→ PROMPT:
For this exercise, copy all the data exactly and include none of the pictures.

→ INFORMATION SHOWN:
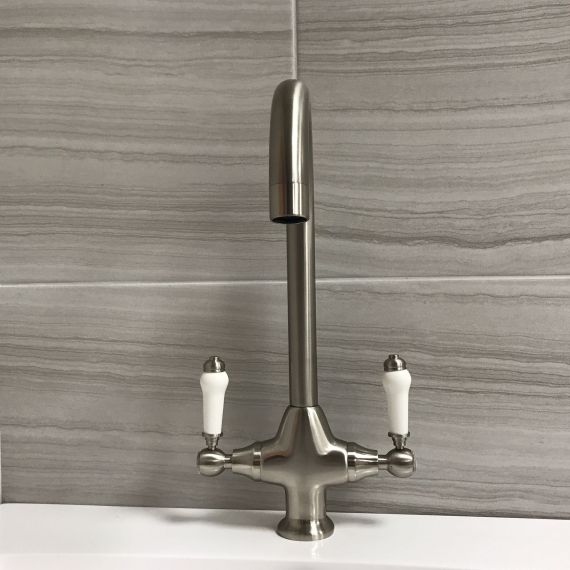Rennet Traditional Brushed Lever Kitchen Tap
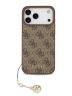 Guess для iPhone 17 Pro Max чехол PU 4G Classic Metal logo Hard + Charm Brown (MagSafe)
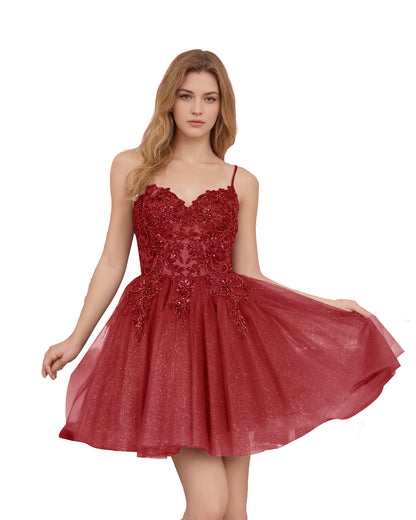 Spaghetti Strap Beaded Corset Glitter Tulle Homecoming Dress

→ RESULT OF THIS TASK:
Rennet Traditional Brushed Lever Kitchen Tap
 Guess для iPhone 17 Pro Max чехол PU 4G Classic Metal logo Hard + Charm Brown (MagSafe)
 Spaghetti Strap Beaded Corset Glitter Tulle Homecoming Dress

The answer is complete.